#### WHAT YOU SHOULD DO:
Exactly as written, reproduce the lines from the one that contains "70's Don't Harsh" through the end of the records.

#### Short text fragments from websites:
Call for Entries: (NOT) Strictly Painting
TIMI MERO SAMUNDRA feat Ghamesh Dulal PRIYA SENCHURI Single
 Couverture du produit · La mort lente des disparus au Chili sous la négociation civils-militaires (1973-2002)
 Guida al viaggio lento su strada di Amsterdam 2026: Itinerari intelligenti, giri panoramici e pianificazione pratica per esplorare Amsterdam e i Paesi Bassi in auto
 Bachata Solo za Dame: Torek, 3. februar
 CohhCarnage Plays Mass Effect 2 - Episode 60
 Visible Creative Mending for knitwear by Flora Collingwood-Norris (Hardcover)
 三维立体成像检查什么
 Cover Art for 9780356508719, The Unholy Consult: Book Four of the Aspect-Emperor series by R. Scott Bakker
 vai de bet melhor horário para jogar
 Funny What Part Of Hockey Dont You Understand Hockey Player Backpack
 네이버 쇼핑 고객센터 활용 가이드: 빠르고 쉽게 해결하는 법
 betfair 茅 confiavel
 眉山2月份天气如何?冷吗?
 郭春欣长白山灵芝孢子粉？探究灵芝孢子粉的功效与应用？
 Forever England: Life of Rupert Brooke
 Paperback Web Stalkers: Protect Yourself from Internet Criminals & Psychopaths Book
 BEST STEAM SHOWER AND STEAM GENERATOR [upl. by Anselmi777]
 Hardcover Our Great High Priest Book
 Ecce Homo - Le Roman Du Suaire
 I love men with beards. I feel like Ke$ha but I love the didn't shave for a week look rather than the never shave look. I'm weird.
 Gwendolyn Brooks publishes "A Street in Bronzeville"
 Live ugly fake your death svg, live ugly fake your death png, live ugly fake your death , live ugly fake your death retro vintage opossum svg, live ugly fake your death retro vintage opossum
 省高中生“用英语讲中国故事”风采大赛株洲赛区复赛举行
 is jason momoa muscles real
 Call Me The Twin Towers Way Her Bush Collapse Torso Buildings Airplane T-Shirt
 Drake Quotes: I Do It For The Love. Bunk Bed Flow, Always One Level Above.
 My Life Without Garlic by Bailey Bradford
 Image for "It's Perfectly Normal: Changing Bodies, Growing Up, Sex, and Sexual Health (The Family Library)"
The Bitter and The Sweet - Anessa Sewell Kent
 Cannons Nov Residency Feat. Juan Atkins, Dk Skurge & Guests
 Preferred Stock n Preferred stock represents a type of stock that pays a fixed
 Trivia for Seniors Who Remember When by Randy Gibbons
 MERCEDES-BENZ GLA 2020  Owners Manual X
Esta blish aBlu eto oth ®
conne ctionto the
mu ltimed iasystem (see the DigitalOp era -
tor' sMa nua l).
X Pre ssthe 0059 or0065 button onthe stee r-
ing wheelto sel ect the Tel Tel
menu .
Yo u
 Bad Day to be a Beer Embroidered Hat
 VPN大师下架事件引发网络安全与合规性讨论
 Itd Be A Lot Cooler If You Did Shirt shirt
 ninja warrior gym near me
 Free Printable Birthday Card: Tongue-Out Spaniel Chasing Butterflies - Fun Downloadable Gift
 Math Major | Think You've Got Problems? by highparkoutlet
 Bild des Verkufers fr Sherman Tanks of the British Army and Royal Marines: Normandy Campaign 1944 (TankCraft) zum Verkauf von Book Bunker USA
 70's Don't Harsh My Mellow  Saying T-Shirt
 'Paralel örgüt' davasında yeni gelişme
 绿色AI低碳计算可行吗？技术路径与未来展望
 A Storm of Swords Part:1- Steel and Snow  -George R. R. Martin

#### THE COMPLETED TASK:
 70's Don't Harsh My Mellow  Saying T-Shirt
 'Paralel örgüt' davasında yeni gelişme
 绿色AI低碳计算可行吗？技术路径与未来展望
 A Storm of Swords Part:1- Steel and Snow  -George R. R. Martin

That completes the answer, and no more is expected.